AN IRISH DOCTOR has been selected to go on a NASA mission – to the bottom of the sea.

Dr Marc Ó Gríofa will spend eight days nearly 20 metres below the surface in the Aquarius Undersea Reef Base off Florida later this month.

He is one of six people selected to take part in the mission, which is part of the NASA Extreme Environment Mission Operation, or NEEMO.

Dr Ó Gríofa received his medical degree from UCD and his PhD in biomedical engineering from the University of Limerick and is also a fellow of the Academy of Wilderness Medicine. He was also a physician at the Mater Hospital.

He says he has been involved in the mission for around “five or six years”.

Aquarius Undersea Habitat

He spent 3 years at Kennedy Space Center as part of the Aerospace Medicine and Biomedical Research departments and is a NOAA trained diving medical officer.

Living on the bottom of the Atlantic Ocean, the 21st NEEMO crew will focus on evaluating tools and techniques being tested for future space exploration by living in simulated spacecraft conditions and conducting simulated spacewalks outside of their undersea habitat.
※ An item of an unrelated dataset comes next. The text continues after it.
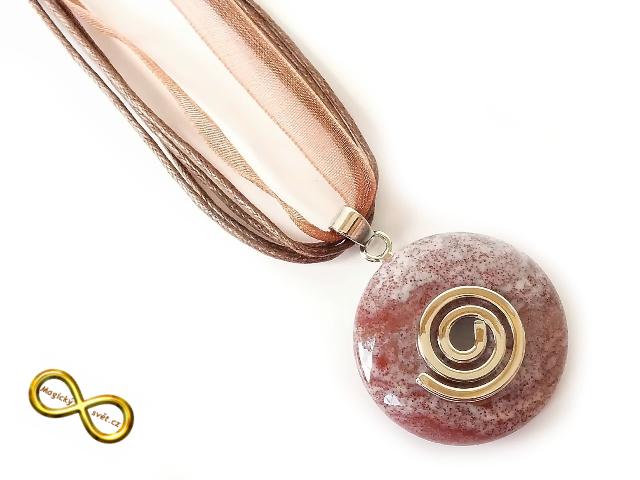 Náhrdelník s malým jaspisovým donutem a spirálou II.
MOG_ZOE 2 Dr Marc O'Gríofa

Inside the habitat, the international crew will conduct a variety of research and operational studies, such testing a mini DNA sequencer and a medical telemetry device that will be used for future space applications. During their simulated spacewalks, the crew will collect samples for marine biology and geology studies, team with underwater remote operating vehicles, test operational software, and participate in a coral restoration project.

Ó Gríofa will oversee the collection of multiple samples from each crew member to evaluate the impact of the NEEMO mission on telomere length. This research will be used to study Alzheimer’s and Parkinson’s disease and genetic disorders like Duchenne’s Muscular Dystrophy.

MOG_ZeroG Steve Boxall Marc O'Gríofa in zero gravity. Steve Boxall

Speaking to RTÉ’s Morning Ireland today, he said that the mission would be similar to a mission on the International Space Station in that it will be cramped.

“If you imagine a small space station stuck on the bottom of the Atlantic Ocean, about 200 square feet. You have six people effectively crammed down into this tiny little space.

You have sleeping conditions where you have three bunks, one on top of the other. You have a small galley where food can be prepared.

He says that the sleeping part is “interesting”.

“I got an email from the crew commander recently that said bring two things: ear plugs and an iPad because there is always a snorer in the crew.

“In regards to eating, we can get some fresh food shipped up and down, but mostly they’re almost camping meals that can be reheated.”

He said the operational tempo is “very, very high” and the crew will be “very busy”.

The mission will be commanded by NASA astronaut Reid Wiseman, who spent six months on the International Space Station in 2014.